フセヴォロドは1146年に崩御し、それ以降キエフの実権は大貴族が握るようになった。これは、ノヴゴロドはじめ他の多くのルーシ系諸公国と同様の現象であった。これ以降、もはや大公国とは呼べなくなったキエフ公国は周辺の諸公国や王国と戦争を繰り返しながら、数々の非力な公がその公座を奪い合うこととなった。
モンゴルのルーシ侵攻後期の1240年、キエフ公国はモンゴル=タタールによって占領された。1243年には、ジョチ・ウルスによってヴラジーミル・スーズダリ大公国のヤロスラフ2世が公に任ぜられ、ヤロスラフはキエフに代官を送った。彼の死後は、その大公位を襲ったアレクサンドル・ネフスキーがキエフ公に任ぜられた。1263年にアレクサンドルは死去したが、これ以降ヴラジーミル・スーズダリ大公によるキエフ公世襲が始まった。

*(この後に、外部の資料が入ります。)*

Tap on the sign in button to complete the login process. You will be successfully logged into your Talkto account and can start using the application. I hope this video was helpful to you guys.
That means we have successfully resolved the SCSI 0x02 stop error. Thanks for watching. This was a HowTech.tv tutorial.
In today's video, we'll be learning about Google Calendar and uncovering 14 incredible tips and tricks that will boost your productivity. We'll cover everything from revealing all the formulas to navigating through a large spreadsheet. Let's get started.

1362年頃になると、キエフ公国はリトアニア大公国の軍勢によってジョチ・ウルスの支配から解放された。しかし、リトアニア大公国はジョチ・ウルスに代わってキエフを占領し、公国を自国の属公国に加えた。そして、ルーシの公朝を廃し、代わってリトアニアのゲディミナス朝の公朝を成立させた。その最初の公となったのは、ヴォロディームィル・オーリヘルドヴィチであった。しかし、ヴォロディームィルはリトアニアに対するキエフ公国の自立性を確立するための政策を採った。これは、リトアニア政府にとっては非常に心外な政策であった。とりわけ、1386年にリトアニア大公ヨガイラ(ヤガイラ・オーリヘルドヴィチ)がその位を息子に譲りポーランド王に即位すると、権勢を誇るリトアニア大公国はその不満を表面化させた。

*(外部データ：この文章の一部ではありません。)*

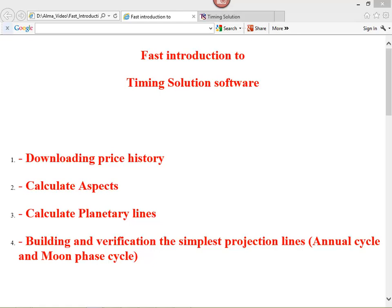Hello, this is a fast introduction to Timing Solution software. In this video class, we will learn how to download the price history, how to calculate aspects, how to calculate planetary lines, and also I want to show you how to calculate and verify the simplest projection lines, like annual cycle or Moon Synodic Cycle.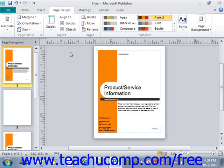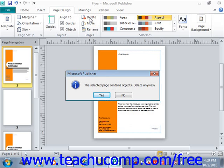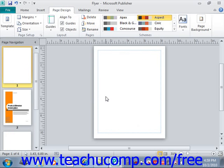You can delete pages within a publication by first selecting the page to delete within the navigation pane, then click the delete button in the pages group on the page design tab within the ribbon. So under page design, we'll look under pages and then just click delete. Publisher will prompt you to make sure that you want to delete the page, so you just select yes and the page will be deleted.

1394年、リトアニア大公国政府はついにキエフ公位を廃止した。これに伴い、キエフには公に代わるリトアニアの代官が置かれた。1440年、現地の封建貴族からの圧力によりキエフ公位が復活されたが、1470年になると再び廃された。キエフにはヴォエヴォダ(県知事)のM・ホショトフトが送られた。キエフの住民は二度に渡りその受け入れを拒んだが、1471年、ヴォエヴォダの軍勢によって攻められたキエフは陥落し、キエフ公国は完全に解体され、リトアニア大公国によるキエフ県に置き換えられた。